NATO chief 'optimistic' that allies will support France in Sahel region
France's NATO allies would "very seriously" consider any official request by President Emmanuel Macron to become more involved in the war against Islamist groups in the Sahel region of Africa, NATO's Secretary General Jens Stoltenberg told FRANCE 24 on Friday. Stoltenberg said he expects NATO allies to give a "positive response".
Stoltenberg's comments came just a day after Macron said France was reviewing "all its options" following the death of 13 French soldiers after two helicopters collided during a combat mission in Mali, one of five African countries - including Mauritania, Burkina Faso, Chad and Niger - where the French "Barkhane" military operation against Islamist militants is now in its sixth year.
It was the heaviest single loss of troops in a French military operation in nearly four decades.

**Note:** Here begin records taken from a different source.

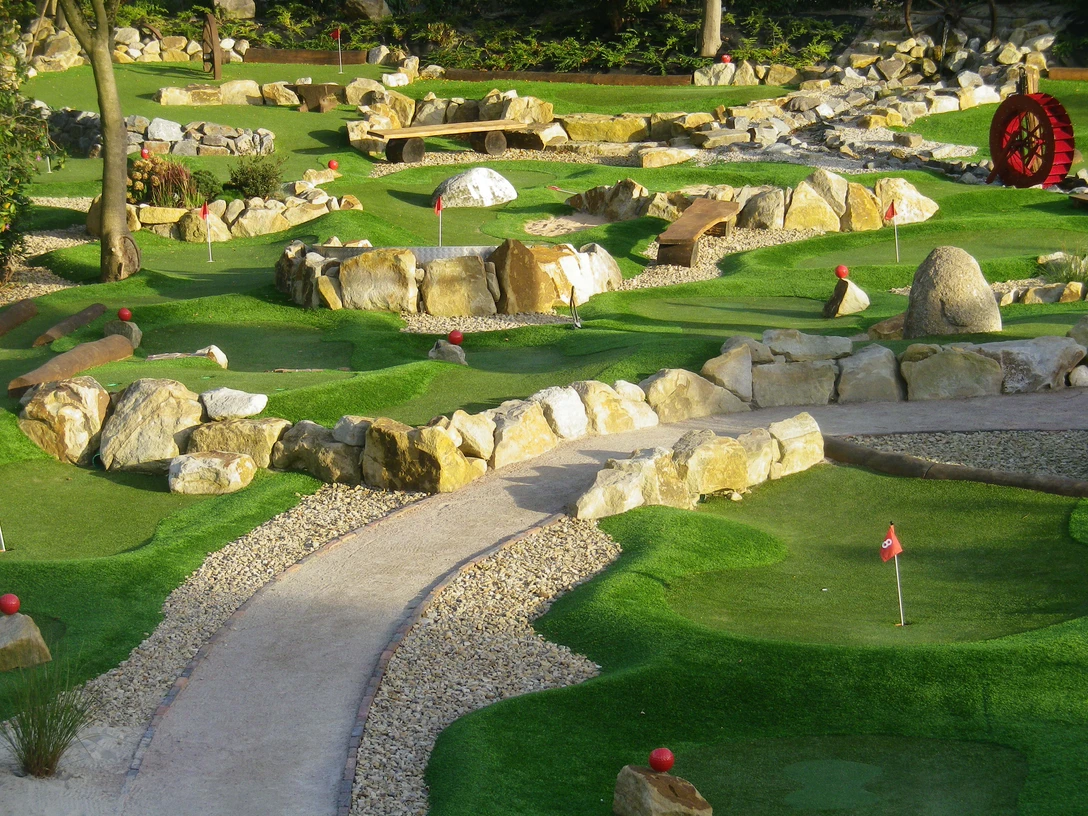 janßen-hof-rastede_abenteuergolfen Miniaturgolfplatz in Rastede mit Steinlandschaft und Fahnen.Miniature golf course in Rastede with stone landscape and flags.
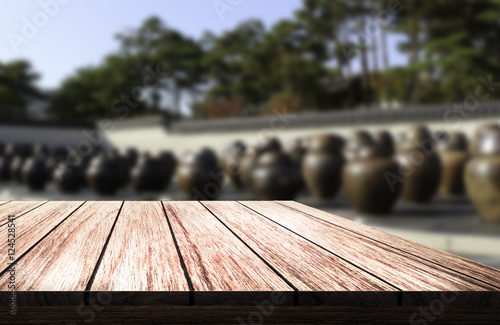 wooden table in front of blurred background of Jar fermented kimchi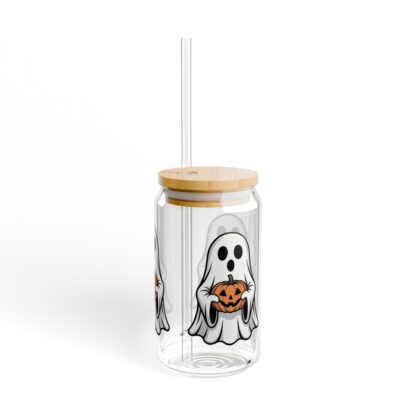 Cute ghost in a white sheet holding a jack-o-lantern on a 16oz sipper glass.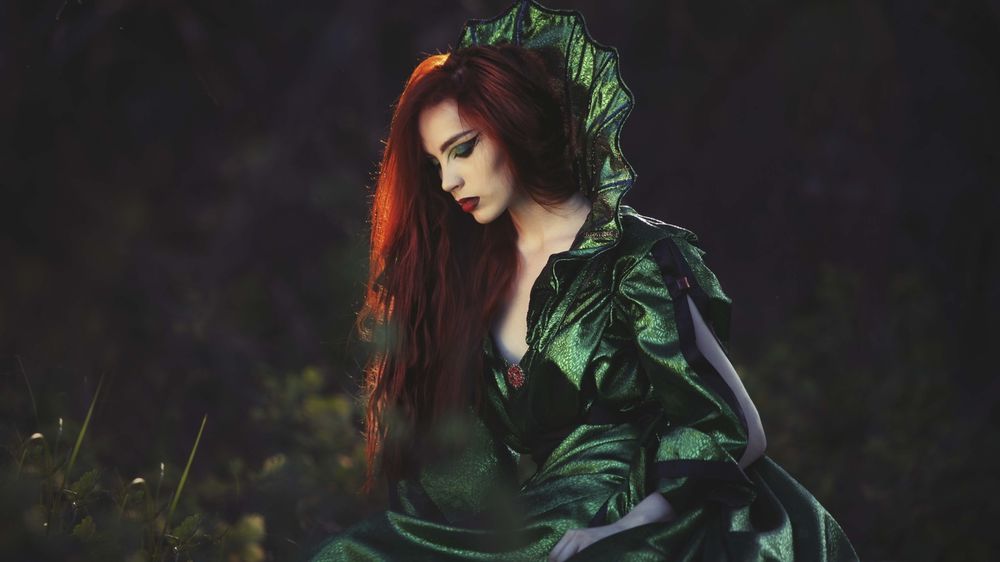 Обои для рабочего стола Рыжеволосая фея в зеленом платье сидит в лесу, опустив взгляд на землю, на темном фоне леса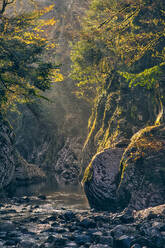 Khosta River flowing between rocks in Devils Gate canyon - KNTF06094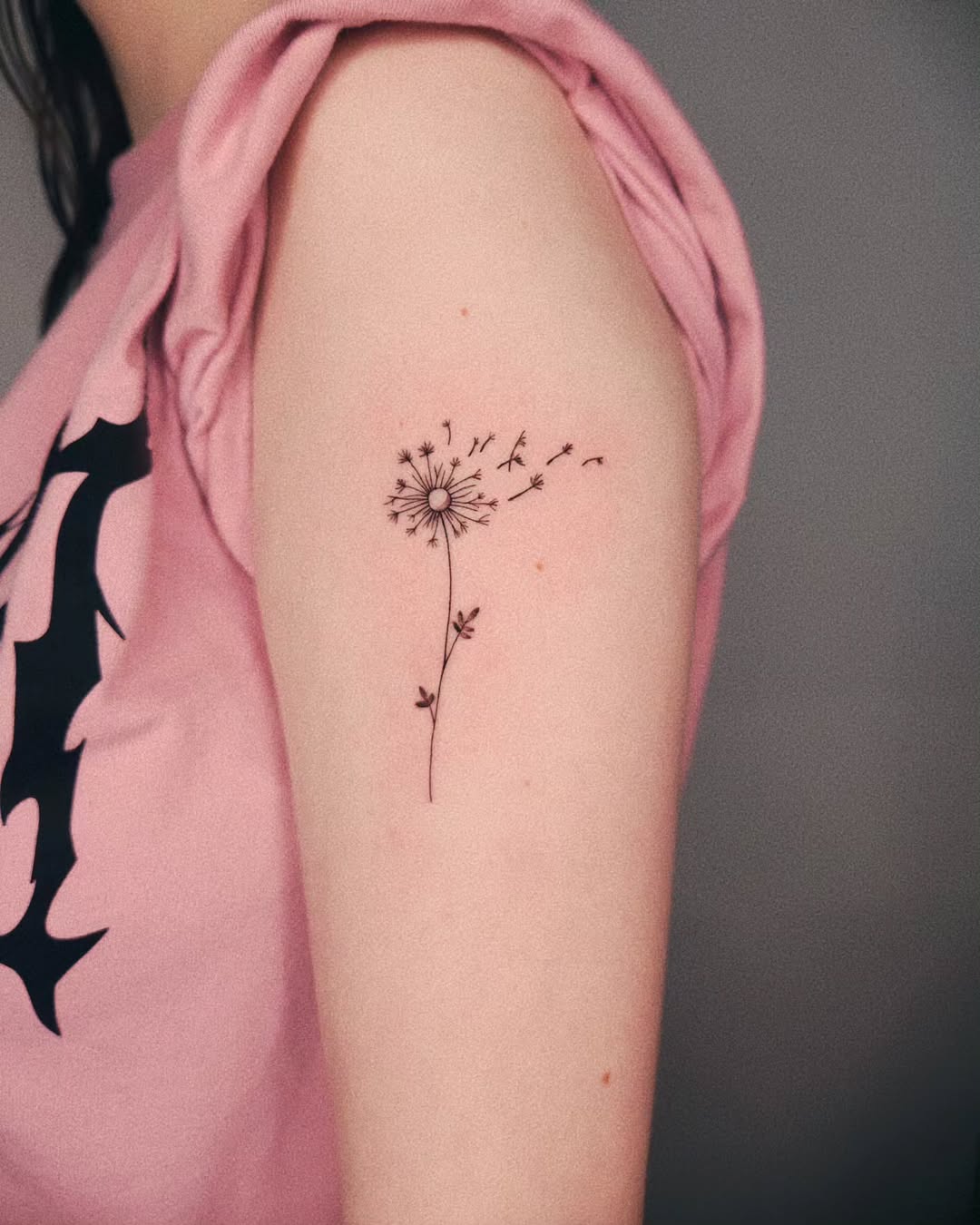 Delicate dandelion tattoo with flowing seeds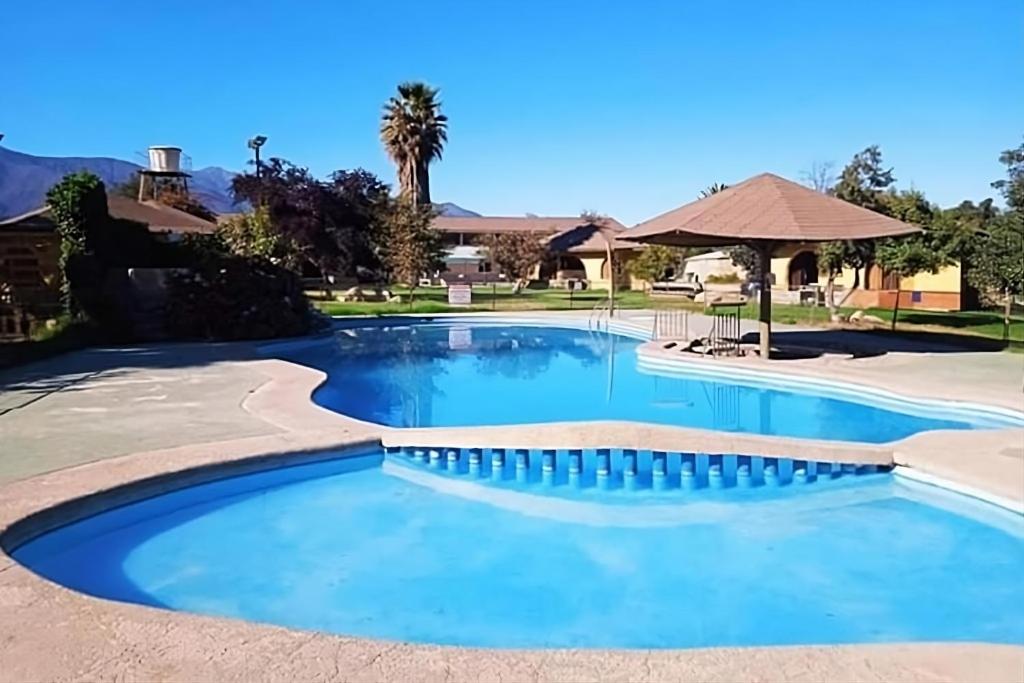 een zwembad in een resort met blauw water bij Habitaciones Tahiken in Olmué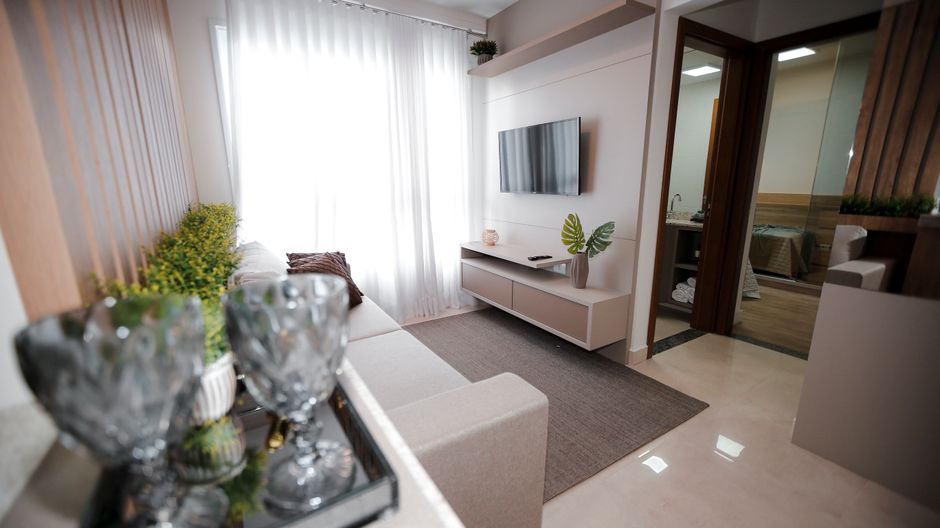 Bright and cozy minimalist living room with light decor and elegant furniture, featuring a wall-mounted TV and lush plants.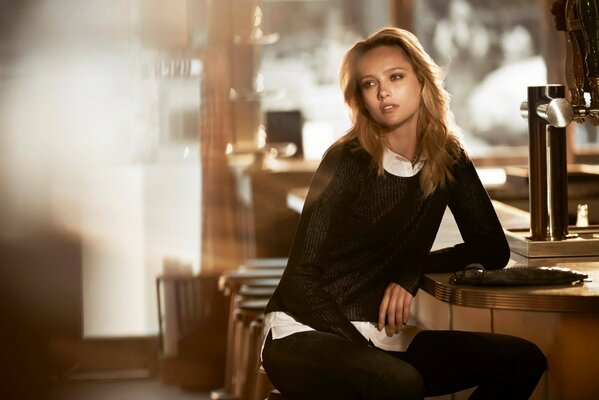 A model girl in a cafe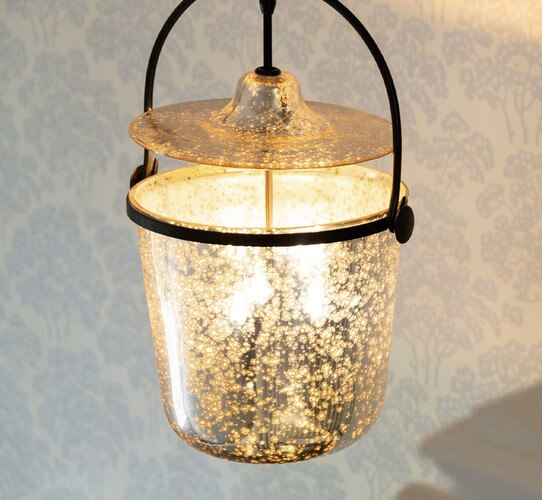 Antique mercury bell jar pendant in front of wall with white and light blue wallpaper of flowers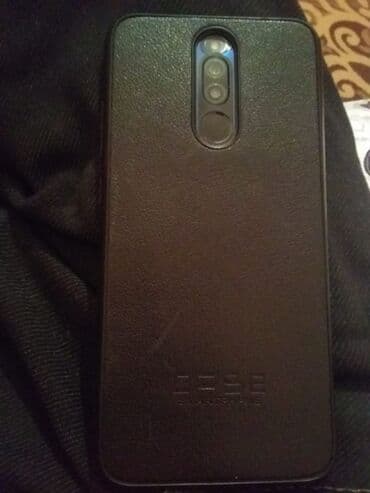 ipad mini 5 satilir: Xiaomi Redmi 8 (qara rəng) - 6.22" HD+ ekran, damla formalı ön kamera — 5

While France is a NATO member, it has been taking on the brunt of the fight in the Sahel, with other alliance members such as the US, UK, Spain, Denmark and Estonia offering limited support, mostly in the form of intelligence or logistical help.
Stoltenberg said that he expected France to get a positive response if it made a formal request for greater NATO involvement in the region.
"If France comes to NATO and actually asks for support, then I really expect that NATO allies will consider that very seriously because NATO allies understand the challenges we all face in the Sahel and NATO has the structures, we have the command structures, we’ve done it many times before."
Stoltenberg added that while any decision on NATO help would require consultation with the 28 other alliance members, he was "quite optimistic" and "absolutely confident" that a request from France would get a "positive response".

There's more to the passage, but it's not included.